Так что, на мой взгляд, в России, таки да, есть прямо сейчас замечательная поэзия, способная возвести читателя на ступеньку, ведущую к Небу, — а уж православная она или нет, дело достаточно десятое (то, что статья Ирины Роднянской посвящена поэтам, в стихах которых мы видим именно православные реалии, говорит не о конфессиональной узости автора статьи, а только о том, что сей автор, в подтверждение помянутой максимы Гаспарова, просто пишет о тех стихах, которые лично ей понравились). Единого же поля, объединяющего религиозных поэтов, нет (попытки его выделить, аще таковые являются, достаточно искусственны), и я не думаю, что то, что его нет — плохо. Об этом со здравым и трезвым оптимизмом сказал в интернет­записи поэт, по вероисповедованию — протестант, Михаил Калинин: «Поколение, выросшее в постмодерне, постсекуляризме и прочих «постах», приходит к вере с тем багажом, что есть под рукой, отсюда — стиль «духовного необарокко» (статья Роднянской), нащупанный как отвечающий языку времени представителями самых разных слоев, и культурных, и духовных. Нет единого культурного поля, но есть островки духовной жизни, аккумулирующие вокруг себя творческие силы (как монастыри в средние века)».

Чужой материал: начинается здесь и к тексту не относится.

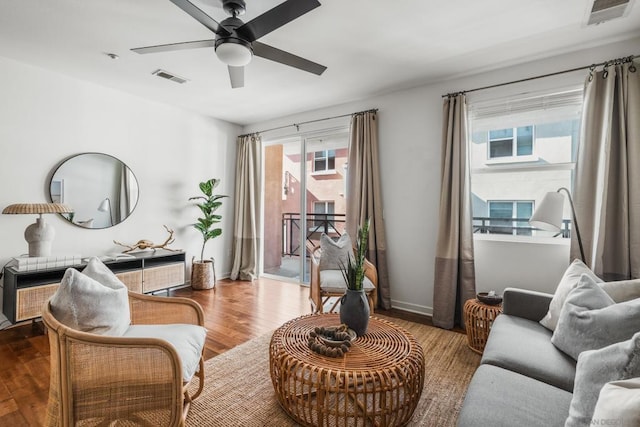 sitting room with hardwood / wood-style flooring, a healthy amount of sunlight, and ceiling fan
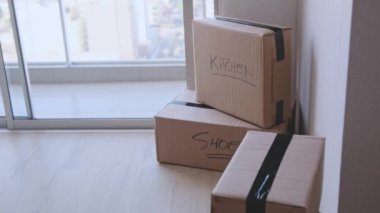 Üzerinde kitap ve giysi yazan bir yığın kutu. Kutular üst üste yığılmış ve etiketler taşınmak için paketlendiklerini gösteriyor.
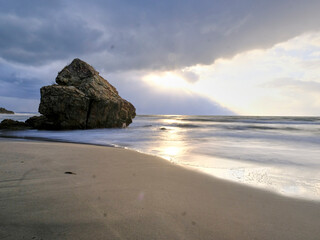 Fototapeta na wymiar Rocky seashore at sunset, 2022.1.30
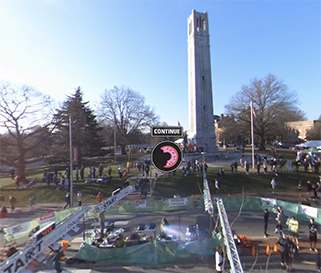 Runners begin the Krispy Kreme Challenge in front of the NC State Bell Tower on a sunny day. There is a donut icon in front of the image from the VR experience.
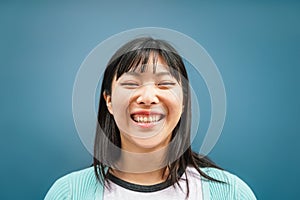 Portrait of young Asian girl smiling at camera - Happy Chinese woman having fun posing against blue background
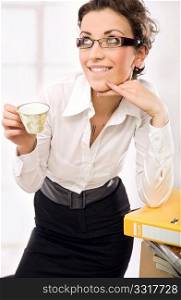A businesswoman drinking coffee, thinking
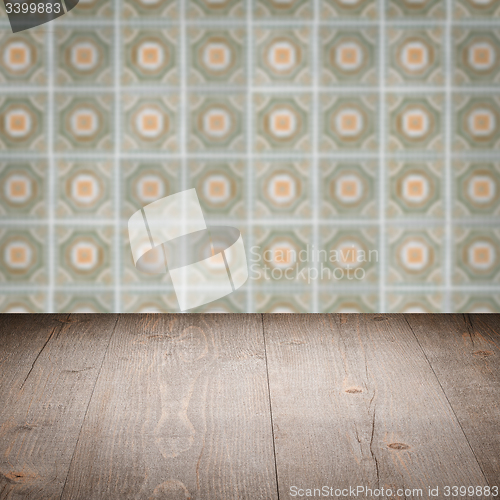 Image of Wood table top and blur vintage ceramic tile pattern wall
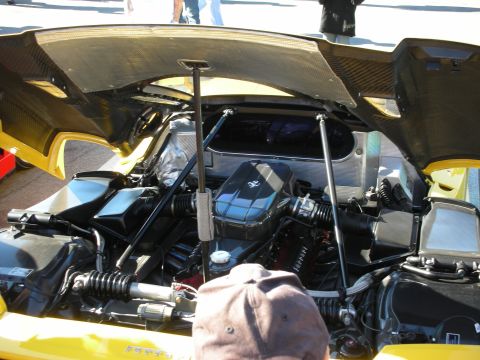 1998 Ford Crown Victoria - raised rear engine cover of a yellow Ferrari exposes the engine and pushrod suspension, a capped spectator in the foreground.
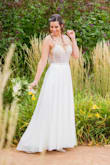 I saw this dress online months before my wedding and I loved it!!! Went to a few stores looking for dresses and nothing was similar to this one! I had it stuck in my mind and I can definitely say that I couldn't go wrong with this dress! I ordered size 8 because it wasn't available often and it was good, but I also ordered the size 6 to make sure which one would fit better! Ended up returning size 6 and staying with size 8. Got tons of compliments on my wedding day! I got married on a boat and it was the perfect dress for the type of wedding. Again, ended up staying with dress size 8. If you are not sure, just do like I did: order both and return the one that doesn't fit. - Emilia D.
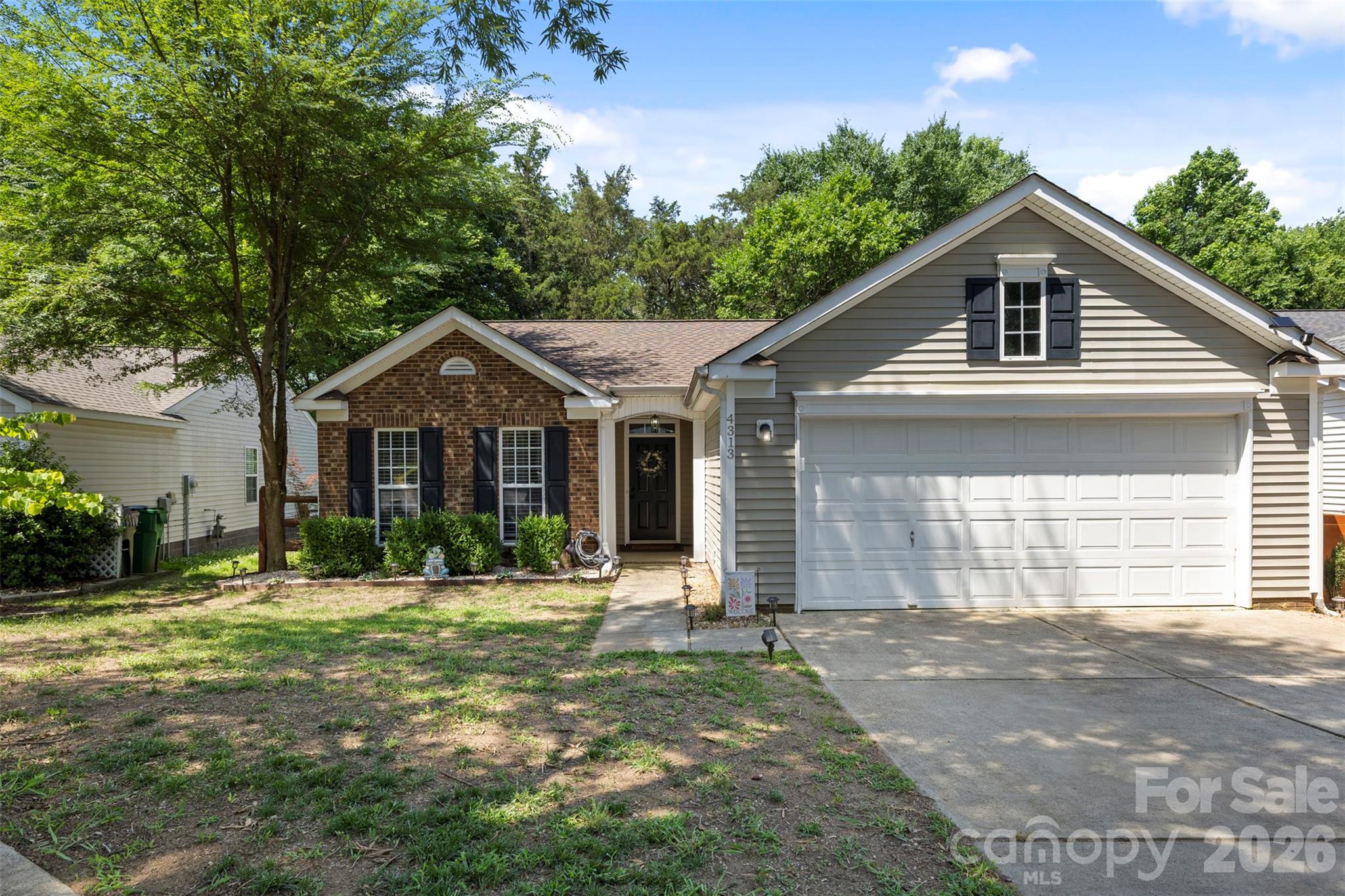 Welcome Home to Planters Walk – Where Comfort Meets Community!

Don't miss this charming 3-bedroom, 2-bathroom home nestled in one of Charlotte's most sought-after family-friendly communities in the Steele Creek area. With 1,223 square feet of thoughtfully laid-out living space, this home checks every box for comfort, lifestyle, and value.

Step inside and feel instantly at home. The inviting living area features a wood-burning fireplace — perfect for cozy Carolina evenings — and flows naturally into the dining and kitchen spaces. The layout is ideal for both everyday living and entertaining.

Out back, your private retreat awaits. A deck off the rear of the home is the perfect spot for morning coffee or weekend cookouts, all overlooking a fully fenced backyard that's ready for pets, play, and everything in between. The attached two-car garage adds storage and convenience you'll use every single day.

Rest easy knowing the big-ticket items are already handled — a new roof installed in 2022 means years of worry-free living ahead.

And the location within the community!! It doesn't get any better. This home sits steps from the walking path that leads directly to the community pool and amenities — making summer days effortless.

Planters Walk Community Amenities Include:
- Outdoor pool, clubhouse, picnic area, playground, sidewalks, sports court, and walking trails
- The Planters Walk Waves summer swim team, competing in the Just Swim Charlotte league since 2011
- Two community playgrounds open daily
- A wooded walking trail on Dove Meadow Drive with benches, plus a second trail connecting directly to the pool area
- Low annual HOA of just $450/year

Minutes from Rivergate Shopping Center and Lake Wylie, with easy access to dining, entertainment, and major highways. Built between 1999 and 2012, Planters Walk is a well-established single-family home community in Mecklenburg County with strong neighborhood pride and a true sense of community.

This one won't last. Schedule your showing today!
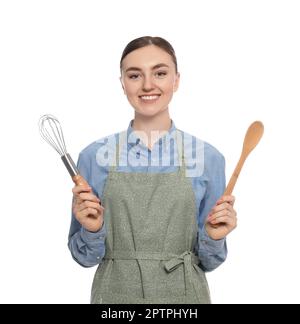 Bella giovane donna in grembiule pulito con utensili da cucina su sfondo bianco Foto Stock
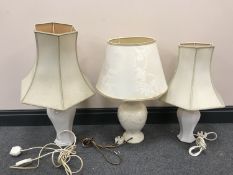 A Royal Creamware luminaries china table lamp with shade together with a pair of table lamps with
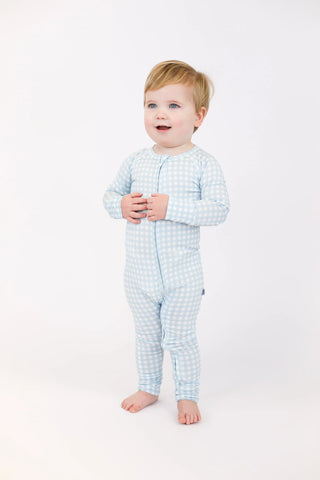 Child wearing a light blue checkered outfit on a white background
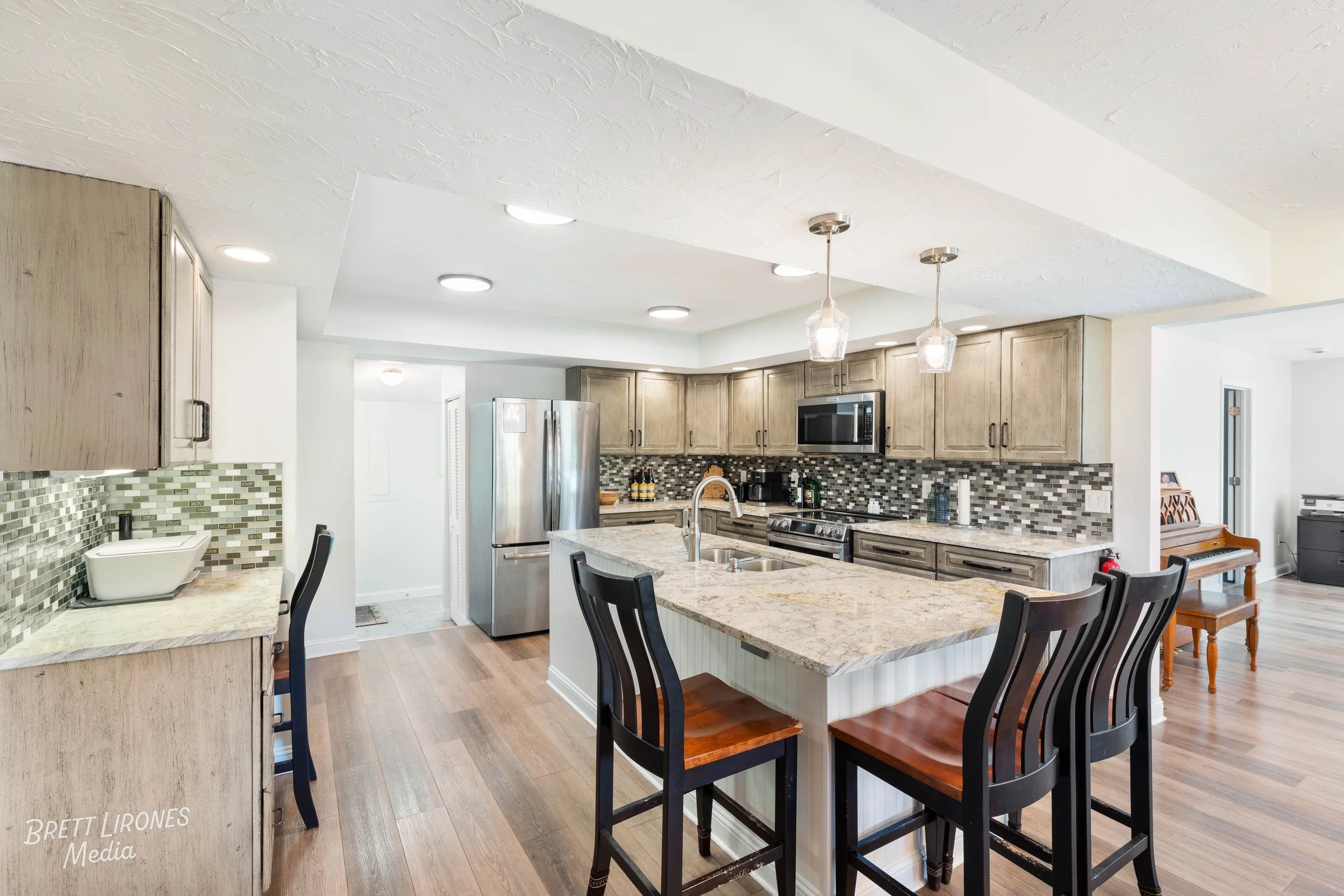 Modern kitchen with wood cabinetry, granite countertops, mosaic tile backsplash, stainless steel appliances, and a central island with seating. There are three black chairs with wooden seats at the island, pendant lights hanging above, and a dining a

Пометка четвертая. Понятно, что не всяк, якоже рече поговорка, находящийся в курятнике, является курицей. Православный антураж нынче (батюшки, молитвы, иконы, колокола, купола и прочее) активно использует как маркер в своем писательстве кто угодно; интересующихся темой могу отослать, например, к статье доктора культурологии Елены Волковой «Религия и магия искусства: от художественной агиографии — к протестной акции», опубликованной в пятом томе серии «Религия в Евразии», изданном в прошлом году Московским центром Карнеги — там как раз о том, как православные реалии используют современные авторы трэш­боевиков и мыльных тв­сериалов. Елена Волкова пишет: «Изучение религиозного содержания современного массового искусства раскрывает подчиненную роль религии, которая не смогла стать самостоятельным источником смыслов, а играет преимущественно вторичную роль своего рода наполнителя готовых жанровых форм. Можно утверждать, что наряду с политическим конформизмом церковных организаций и религиозным конформизмом верующих людей в культуре активно развивается религиозно­художественный конформизм, который можно определить как адаптацию религиозных образов и тем к сложившимся ценностным установкам и жанровым канонам. Для массового искусства характерно пассивное некритическое наполнение того или иного формата религиозным контентом, жанр или эстетическая установка оказываются доминирующим началом, а религия — подчиненным».

А я, ежели проще, скажу так: в традиции искусства, в частности, применительно к теме, — искусства изящной словесности, условно принято, что, например, красное — это кровь. Но всем нам полезно иметь добродетель рассуждения и, завидев красное, взять на себя труд приблизиться к нему, потрогать, понюхать и попробовать на вкус, чтобы распознать, воистину ли здесь кровь или просто преднамеренно или случайно пролитый кетчуп.